We’ve decided to get their GCSE’s and A-levels out of the way as soon as possible, so the kids can focus on their passions. Exams are a stressful part of childhood, for many the worst part of childhood. The hard laborious work, constant pressure, expectations, competition, and public shaming and condescending advice if you get bad grades isn’t exactly pleasant, and nearly all the stuff learned is useless. To this day I occasionally wake up, in a cold sweat, worried that my university finals are around the corner and I’ve forgotten to prepare for them – that’s how stressful they were.

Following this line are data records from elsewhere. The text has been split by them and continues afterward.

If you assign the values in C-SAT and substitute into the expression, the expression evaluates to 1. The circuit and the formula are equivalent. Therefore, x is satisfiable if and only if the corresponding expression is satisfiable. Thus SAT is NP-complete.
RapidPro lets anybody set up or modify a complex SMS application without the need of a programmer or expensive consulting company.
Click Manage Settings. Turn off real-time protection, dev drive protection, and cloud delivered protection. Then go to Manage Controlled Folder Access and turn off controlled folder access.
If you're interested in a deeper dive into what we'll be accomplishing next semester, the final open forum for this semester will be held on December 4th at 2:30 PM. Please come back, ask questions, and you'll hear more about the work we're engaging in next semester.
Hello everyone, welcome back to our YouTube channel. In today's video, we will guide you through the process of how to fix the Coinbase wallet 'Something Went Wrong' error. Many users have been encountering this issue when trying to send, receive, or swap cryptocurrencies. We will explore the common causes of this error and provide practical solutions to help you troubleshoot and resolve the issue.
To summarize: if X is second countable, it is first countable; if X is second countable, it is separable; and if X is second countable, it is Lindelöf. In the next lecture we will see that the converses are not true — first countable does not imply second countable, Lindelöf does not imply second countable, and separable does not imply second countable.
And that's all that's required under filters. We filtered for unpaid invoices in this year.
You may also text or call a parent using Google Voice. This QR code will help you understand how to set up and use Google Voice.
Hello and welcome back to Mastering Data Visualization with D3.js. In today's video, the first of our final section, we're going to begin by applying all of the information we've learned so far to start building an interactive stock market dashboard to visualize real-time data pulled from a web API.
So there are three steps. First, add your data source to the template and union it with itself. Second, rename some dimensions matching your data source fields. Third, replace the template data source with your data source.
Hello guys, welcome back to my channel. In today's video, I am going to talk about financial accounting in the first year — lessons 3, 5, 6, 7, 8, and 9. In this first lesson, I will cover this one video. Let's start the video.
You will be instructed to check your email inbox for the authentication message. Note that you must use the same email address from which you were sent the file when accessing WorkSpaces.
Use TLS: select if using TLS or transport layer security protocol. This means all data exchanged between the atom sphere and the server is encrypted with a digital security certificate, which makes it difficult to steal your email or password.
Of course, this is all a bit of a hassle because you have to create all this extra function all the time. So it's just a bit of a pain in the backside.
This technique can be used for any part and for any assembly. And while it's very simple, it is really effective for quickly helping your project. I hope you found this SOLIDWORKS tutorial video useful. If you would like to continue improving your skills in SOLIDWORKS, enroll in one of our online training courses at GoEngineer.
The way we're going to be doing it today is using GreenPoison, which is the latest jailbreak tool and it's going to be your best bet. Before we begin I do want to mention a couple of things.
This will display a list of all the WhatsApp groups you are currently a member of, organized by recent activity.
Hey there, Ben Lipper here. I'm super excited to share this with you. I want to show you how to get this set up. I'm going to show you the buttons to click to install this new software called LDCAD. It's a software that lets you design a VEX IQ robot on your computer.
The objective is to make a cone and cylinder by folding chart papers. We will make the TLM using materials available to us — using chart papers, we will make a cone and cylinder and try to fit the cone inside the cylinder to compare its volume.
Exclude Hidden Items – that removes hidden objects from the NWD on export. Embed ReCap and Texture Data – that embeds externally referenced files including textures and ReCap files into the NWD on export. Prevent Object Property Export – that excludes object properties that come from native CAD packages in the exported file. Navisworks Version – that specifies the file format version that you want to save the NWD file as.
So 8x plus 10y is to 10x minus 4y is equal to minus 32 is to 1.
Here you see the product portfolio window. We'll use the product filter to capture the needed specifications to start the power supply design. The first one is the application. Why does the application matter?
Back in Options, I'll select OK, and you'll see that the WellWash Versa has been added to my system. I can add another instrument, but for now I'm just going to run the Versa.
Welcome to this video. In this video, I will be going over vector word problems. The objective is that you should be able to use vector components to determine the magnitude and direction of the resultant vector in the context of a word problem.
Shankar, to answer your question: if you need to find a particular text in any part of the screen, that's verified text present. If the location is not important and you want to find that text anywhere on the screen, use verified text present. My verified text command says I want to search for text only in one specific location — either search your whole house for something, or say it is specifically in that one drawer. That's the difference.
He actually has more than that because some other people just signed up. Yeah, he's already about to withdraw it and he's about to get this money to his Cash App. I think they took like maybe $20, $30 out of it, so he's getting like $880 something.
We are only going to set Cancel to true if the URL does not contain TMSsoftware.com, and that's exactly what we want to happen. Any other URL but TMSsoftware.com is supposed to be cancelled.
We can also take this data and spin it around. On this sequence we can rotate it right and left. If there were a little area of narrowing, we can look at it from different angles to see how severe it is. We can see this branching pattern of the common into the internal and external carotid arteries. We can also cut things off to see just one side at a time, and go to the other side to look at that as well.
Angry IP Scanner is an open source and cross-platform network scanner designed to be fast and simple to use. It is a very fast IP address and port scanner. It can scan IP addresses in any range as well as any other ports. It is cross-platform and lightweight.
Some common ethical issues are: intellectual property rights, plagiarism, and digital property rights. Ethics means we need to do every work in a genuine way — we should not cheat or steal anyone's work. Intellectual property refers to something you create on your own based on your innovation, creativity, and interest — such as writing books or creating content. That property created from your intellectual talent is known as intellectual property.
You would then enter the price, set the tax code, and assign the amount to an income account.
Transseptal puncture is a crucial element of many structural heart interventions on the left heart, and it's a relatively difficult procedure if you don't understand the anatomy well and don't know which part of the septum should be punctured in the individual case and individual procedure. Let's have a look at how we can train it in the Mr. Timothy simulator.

Hopefully Maryam, 11, will have finished her A-levels when she’s 13, Danyal, 9, will be done by the time he’s 12, and Sabeen, 7, should finish when she’s 12, possibly 11. The reason Maryam finishes later is because she started home school the oldest. They’ll only take exams if we feel they’ll get A*s, so if they don’t look like they’ll get the A* they’ll wait until the next exam date.

A significant benefit of doing the exams early is it sounds way more impressive on a CV, so everyone will assume they’re hyper-intelligent, when they’re not.

For those that haven’t read my earlier blogs the odd thing about this all is that my kids aren’t working hard, unless it’s the period leading to public exams. They do work intensively 7am until noon, five days a week, but that is pretty much it – they have very little homework – and so the weekends completely off. The effectiveness of 1-to-1 teaching is what is driving things. Isabelle and myself, for that matter, aren’t working hard either.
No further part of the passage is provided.